The samples were tensile loaded with Instron ElectroPuls E1000 using an Instron Dynacell load cell with a constant displacement rate. The stress and strain were recorded with an acquisition rate of 500 Hz. The speckle pattern was recorded with a acquisition rates varying around 0.5-2.0 kHz and finally processed to a 1D projection (Fig. 1). Subtraction of two speckle images shows the differences on the sample surface and as this difference is an indication (but not a measure) of high strain rates, we denote it (after projection) as the effective strain rate εspec,t. The maximum value of εspec,t around the visible band corresponds to the leading edge of the band and this slightly noisy signal was smoothed using a moving average with a 15-60 ms window. The initial and final transients of the velocity can be quite large and therefore the average velocity \(\overline {v_{b}}\) was calculated from the middle 50% of the velocity signal. The PLC effect in the experiments and in the model – due to the disorder added – exhibit memory effects as the Fig. 1c also implies such as typical locations at which a band nucleates or stops in each sample. We do not investigate this here in any detail but an average over all the experiments tells that the nucleation is spread rather homogeneously, and does not happen just at the specimen endpoints.

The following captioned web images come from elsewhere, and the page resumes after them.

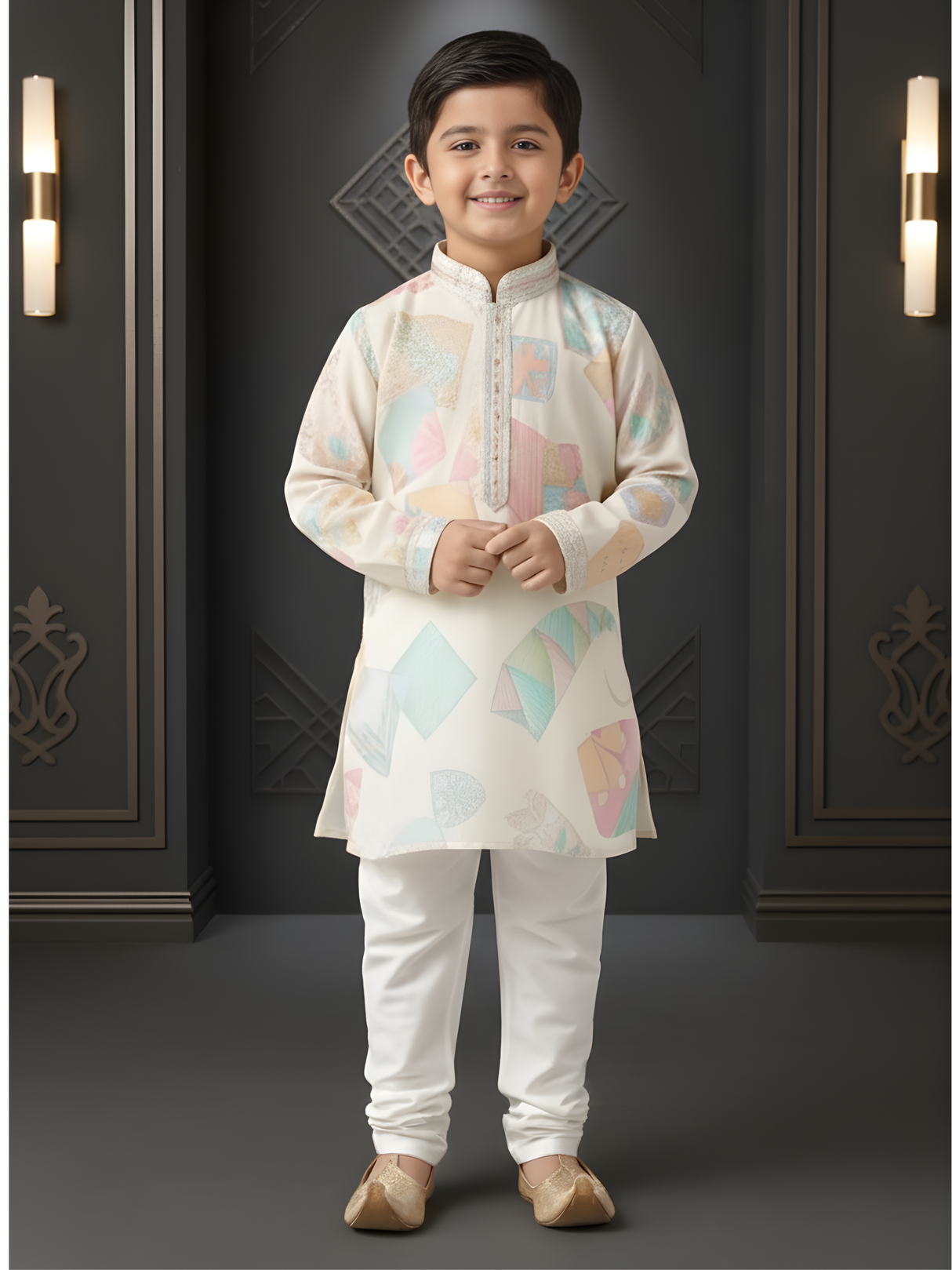 Boys Cream Kurta Set with Pastel Geometric Prints & Embroidered Neckline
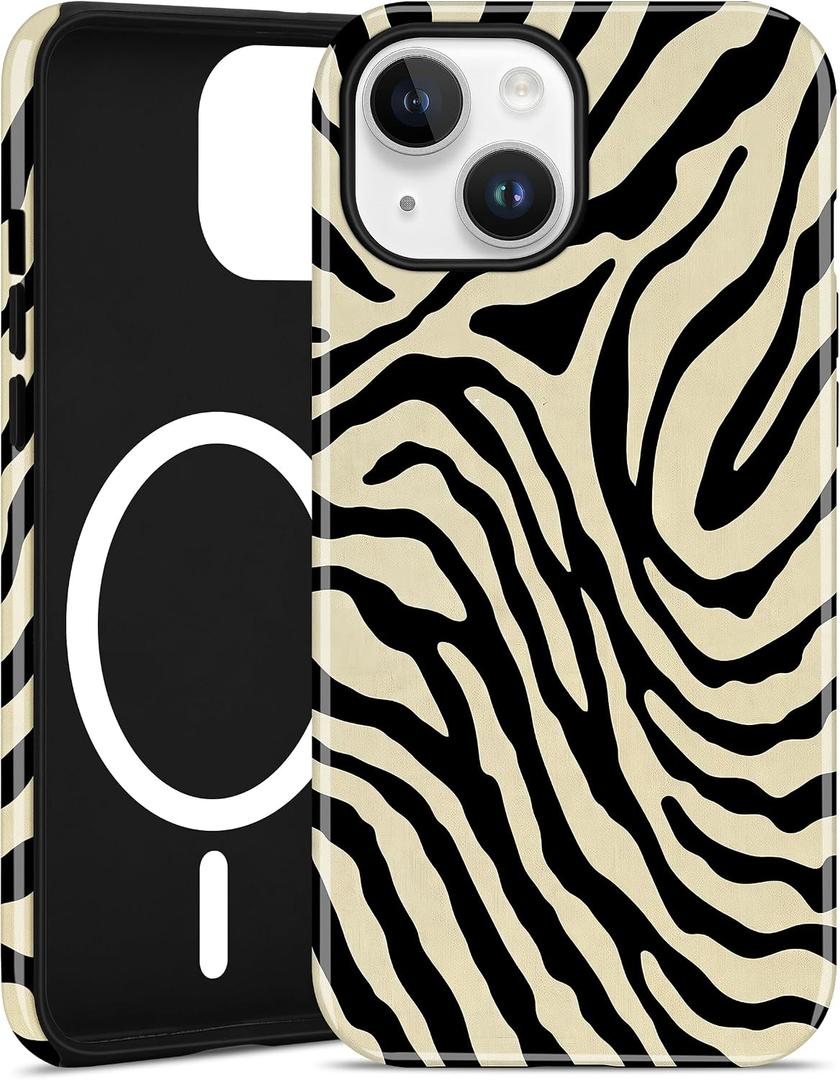 Jusy Magnetic Zebra Phone Case for iPhone 17 Pro,Beige | Compatible with MagSafe, Cute Aesthetic Zebra Design, TPU and PC Protective Shockproof Cover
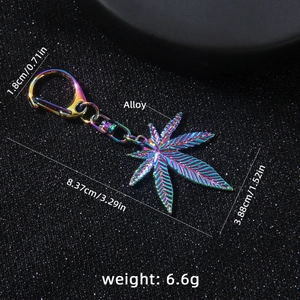 Portachiavi con foglia di acero iridescente in lega metallica per borsa chic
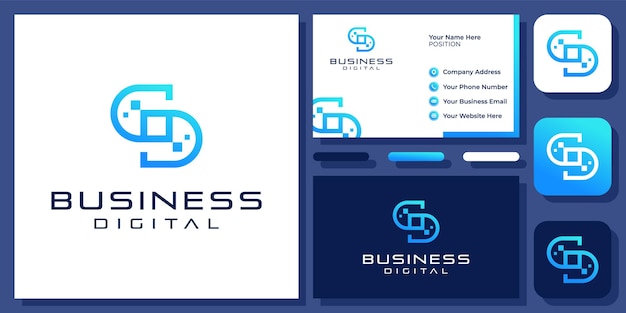 이니셜 편지 SD DS SD 기술 디지털 연결 연결 벡터 로고 디자인 및 명함
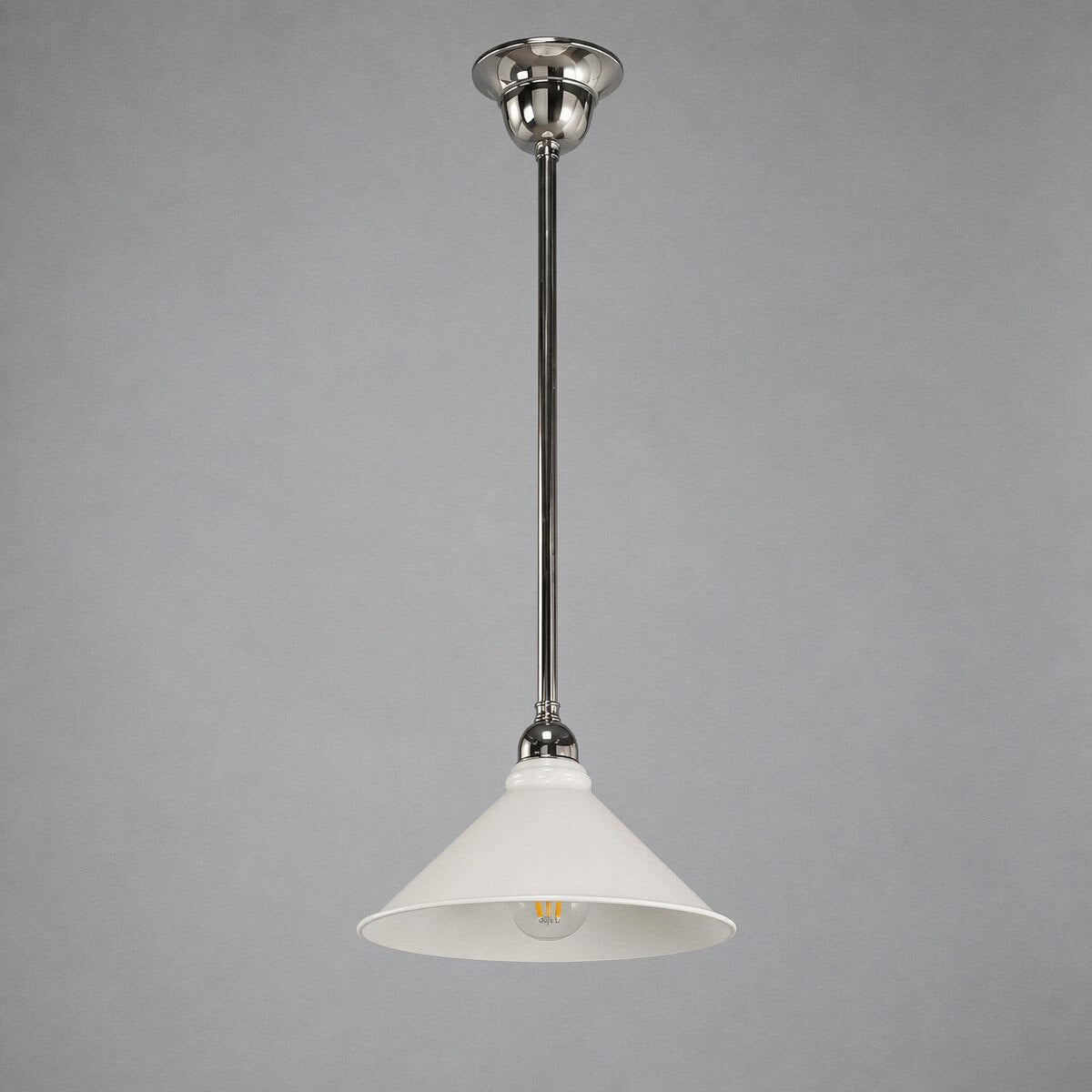 Edwardian 250mm Pendant Light on Rod Set 1/2" Chrome & White - 3090372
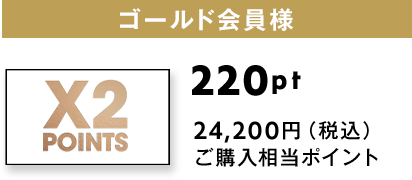 ゴールド会員様(X2 POINTS)：220pt獲得 24,200円（税込） ご購入相当ポイント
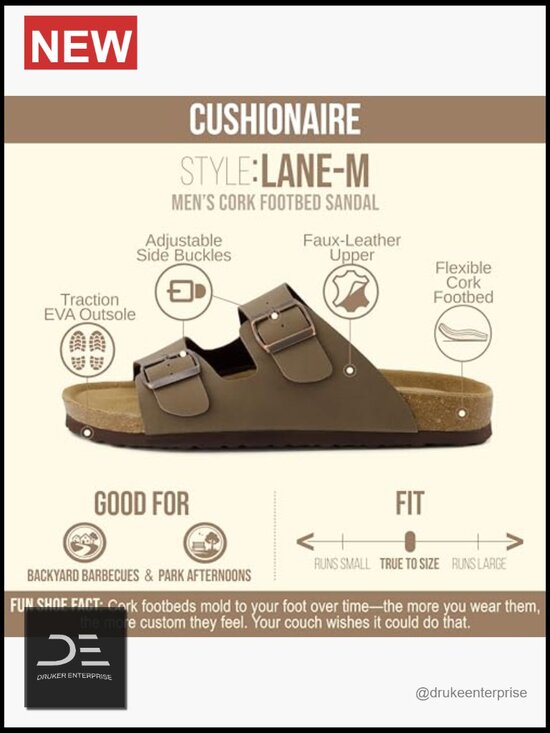 Cork Footbed Men\'s Sandals with Adjustable Buckle Slides main image 6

A one dimensional model based on work by Hähner et al. (2002) (HR) has been developed here. The HR theory is based on a traditional DSA mechanism and the evolution equations read here

$$ \epsilon_{p, t}(y) = \nu \Omega \exp \left(- \frac{G_{0} + G^{ag}(y)}{k_{B} T} + \frac{\sigma_{ext} - \sigma_{int}(y)}{S_{0}} \right) $$
$$ G_{, t}^{ag}(y) = D G_{, yy}^{ag}(y) + \eta \left[ G_{\infty}^{ag} - G^{ag}(y) \right] - \frac{G^{ag}(y)}{\Omega} \epsilon_{p, t}(y) $$
$$ \sigma_{int, t}(y) = h_{0} \exp\left[- h_{exp} \epsilon_{p}(y) \right] \epsilon_{p, t}(y) $$

where εp is the plastic strain (so that εext=εp+εe), ν the attempt frequency of thermal activation, Ω the elementary plastic strain, G0 the activation enthalpy without aging, Gag the effect of aging on the activation enthalpy, kB the Boltzmann constant, T the absolute temperature, σext the applied external stress (flow stress), σint the internal stress (athermal back stress), S0 the instantaneous SRS of the flow stress, D the diffusion coefficient, η the aging rate, \(G_{\infty }^{ag}\) the saturation value of the additional activation enthalpy, and y the spatial coordinate along the sample. This approach reproduces traveling waves or bands. To account for the hardening and to match with the experimental behavior (stress-strain curve) the equation for the internal stress uses the Voce hardening model (Voce 1948) with hardening parameters h0 and hexp as the first modification of the HR model. As can be seen in Fig. 1a the stress responses from experiments and simulations have almost superimposed curves. Secondly instead of a global average over the sample the hardening (in Eq. 3) was considered as a local memory effect with the hardening coefficient

$$ h = h_{0} \exp(-h_{exp} \epsilon_{p}) \mathrm{.} $$

This was done to reproduce the observed higher fluctuations in the band velocity and the hardening behavior can be seen in Fig. 2a.

Fig. 2
figure 2

a The strain evolution of the expected average hardening coefficient 〈h〉 (blue) and the local hardening parameter values from one simulation (grey). The drops in the local hardening coefficient signify increases in the local plastic strain due to passing of bands. b The strain rate dependence of the parameter \(D=D_{0} \epsilon _{ext, t}^{\gamma }\)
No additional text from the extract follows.